-
-
Notifications
You must be signed in to change notification settings - Fork 3.1k
Description
I think the "always_" prefixes of std.builtin.CallModifier.always_inline and .always_tail are redundant
Compare the following:
@call(.always_inline, function, .{argument}); @call(.@"inline", function, .{argument});Why do I need to say "always"? Inlining a function call or not is not some kind of probability thing that has a something-% chance of happening; it either happens or doesn't.
And if it couldn't happen, the compiler emits an error.
I'm guessing this relates to how an optimizer might decide to inline a function if it thinks that'd optimize the code, based on the case and the code around the call.
However why can't we just trust Zig here to inline the call if I say so and not if I tell it not to, regardless of optimizers? I don't think they play a role here.

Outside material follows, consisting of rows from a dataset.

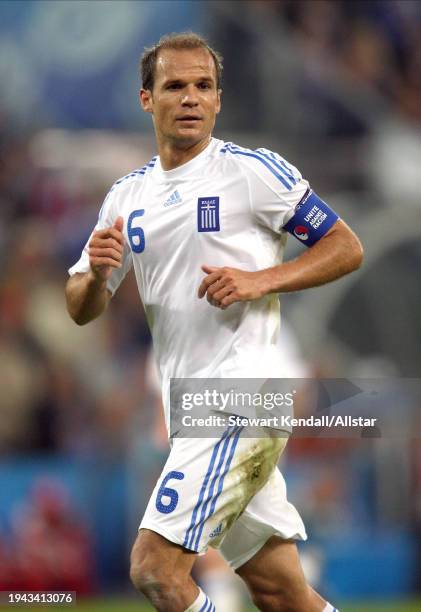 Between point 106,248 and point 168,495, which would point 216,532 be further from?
point 106,248

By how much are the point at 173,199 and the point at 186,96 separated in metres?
0.40

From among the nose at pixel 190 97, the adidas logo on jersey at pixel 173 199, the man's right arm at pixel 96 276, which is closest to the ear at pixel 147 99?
the nose at pixel 190 97

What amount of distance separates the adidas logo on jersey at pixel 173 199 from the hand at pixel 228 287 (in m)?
0.44

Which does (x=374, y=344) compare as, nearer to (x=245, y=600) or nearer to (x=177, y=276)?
(x=245, y=600)

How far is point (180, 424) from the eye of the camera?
503cm

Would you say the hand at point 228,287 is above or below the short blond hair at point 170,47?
below

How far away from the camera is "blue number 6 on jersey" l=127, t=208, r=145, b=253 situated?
17.1ft

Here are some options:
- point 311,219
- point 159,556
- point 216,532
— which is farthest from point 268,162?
point 159,556

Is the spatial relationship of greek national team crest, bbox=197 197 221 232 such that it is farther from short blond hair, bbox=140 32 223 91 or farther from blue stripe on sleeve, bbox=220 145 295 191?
short blond hair, bbox=140 32 223 91

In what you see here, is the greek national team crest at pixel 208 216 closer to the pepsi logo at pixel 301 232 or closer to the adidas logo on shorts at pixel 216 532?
the pepsi logo at pixel 301 232

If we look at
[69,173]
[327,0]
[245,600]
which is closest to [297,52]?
[327,0]

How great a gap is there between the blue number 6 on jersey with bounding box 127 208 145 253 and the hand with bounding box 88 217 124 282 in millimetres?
158

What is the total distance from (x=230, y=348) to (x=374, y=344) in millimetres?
5790

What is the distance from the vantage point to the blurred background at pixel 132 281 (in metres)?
9.27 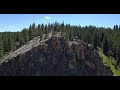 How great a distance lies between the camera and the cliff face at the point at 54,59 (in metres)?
30.7

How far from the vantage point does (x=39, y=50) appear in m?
31.6

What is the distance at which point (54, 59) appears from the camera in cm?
3241

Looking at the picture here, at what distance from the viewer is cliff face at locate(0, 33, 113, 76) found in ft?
101

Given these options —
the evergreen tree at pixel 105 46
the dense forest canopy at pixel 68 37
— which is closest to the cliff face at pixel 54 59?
the dense forest canopy at pixel 68 37

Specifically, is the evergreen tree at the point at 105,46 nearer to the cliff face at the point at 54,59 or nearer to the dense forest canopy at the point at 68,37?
the dense forest canopy at the point at 68,37

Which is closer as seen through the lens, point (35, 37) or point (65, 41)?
point (65, 41)

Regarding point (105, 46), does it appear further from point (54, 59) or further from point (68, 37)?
point (54, 59)

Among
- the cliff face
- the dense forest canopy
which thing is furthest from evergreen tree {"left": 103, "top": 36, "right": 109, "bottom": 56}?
the cliff face

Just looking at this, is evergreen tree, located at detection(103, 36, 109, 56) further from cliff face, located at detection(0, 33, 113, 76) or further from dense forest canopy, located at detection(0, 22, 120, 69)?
cliff face, located at detection(0, 33, 113, 76)

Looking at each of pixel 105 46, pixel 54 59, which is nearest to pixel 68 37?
pixel 54 59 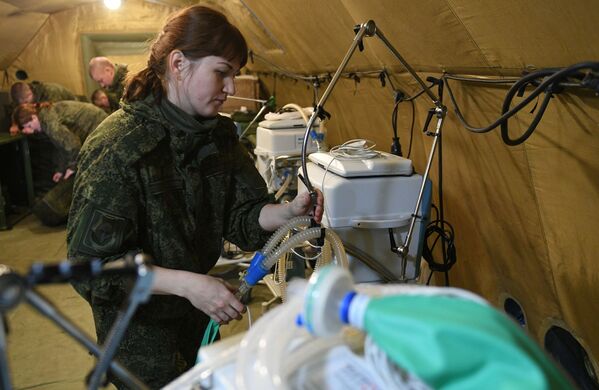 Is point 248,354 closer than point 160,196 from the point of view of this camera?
Yes

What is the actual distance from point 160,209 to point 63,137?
12.3ft

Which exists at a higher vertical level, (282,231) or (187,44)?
(187,44)

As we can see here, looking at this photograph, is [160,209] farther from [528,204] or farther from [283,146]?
[283,146]

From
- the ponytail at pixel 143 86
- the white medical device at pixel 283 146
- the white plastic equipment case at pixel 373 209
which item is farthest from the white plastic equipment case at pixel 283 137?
Result: the ponytail at pixel 143 86

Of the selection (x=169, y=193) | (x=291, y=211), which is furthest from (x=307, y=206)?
(x=169, y=193)

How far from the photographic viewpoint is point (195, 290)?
1.03 meters

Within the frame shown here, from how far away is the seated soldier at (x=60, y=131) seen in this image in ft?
14.6

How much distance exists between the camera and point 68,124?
181 inches

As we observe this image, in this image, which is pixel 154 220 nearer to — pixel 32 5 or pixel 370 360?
pixel 370 360

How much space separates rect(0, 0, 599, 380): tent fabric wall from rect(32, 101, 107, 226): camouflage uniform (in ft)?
8.77

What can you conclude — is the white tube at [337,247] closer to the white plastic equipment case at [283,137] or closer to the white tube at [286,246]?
the white tube at [286,246]

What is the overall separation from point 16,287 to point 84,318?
261 cm

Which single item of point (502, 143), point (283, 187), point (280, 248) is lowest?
point (283, 187)

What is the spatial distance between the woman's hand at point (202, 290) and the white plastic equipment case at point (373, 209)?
1.83 feet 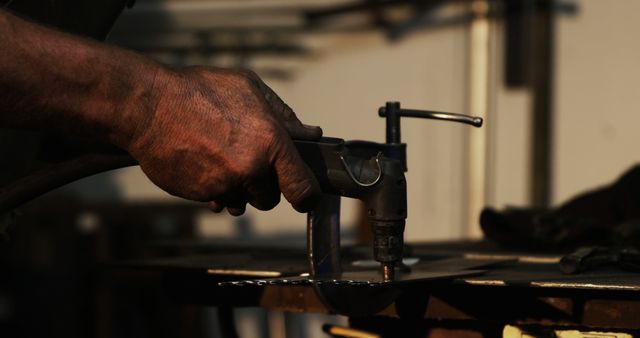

If Zig doesn't call my function in the way I told it to (and doesn't emit a compile error), it might even lead to behavioral changes on my end so I don't think this is much different from other things, like my function returning if I tell it to using the return keyword. I should be able to trust Zig there. Otherwise, would it be alwaysreturn or pleasereturn?
Whatever I said about inlining applies to tail calling as well.
As for never_inline and never_tail, instead of "never" I think the meaning is simply "don't". So perhaps those should also be renamed, to no_inline and no_tail.
You can already find instances of "no_inline" and "no_tail" in the Zig codebase so the naming isn't unusual. As another precedent: the noinline keyword.
In fact if this is rejected, shouldn't std.builtin.CallModifier.compile_time be renamed to always_compile_time for consistency? Or the inline keyword to alwaysinline?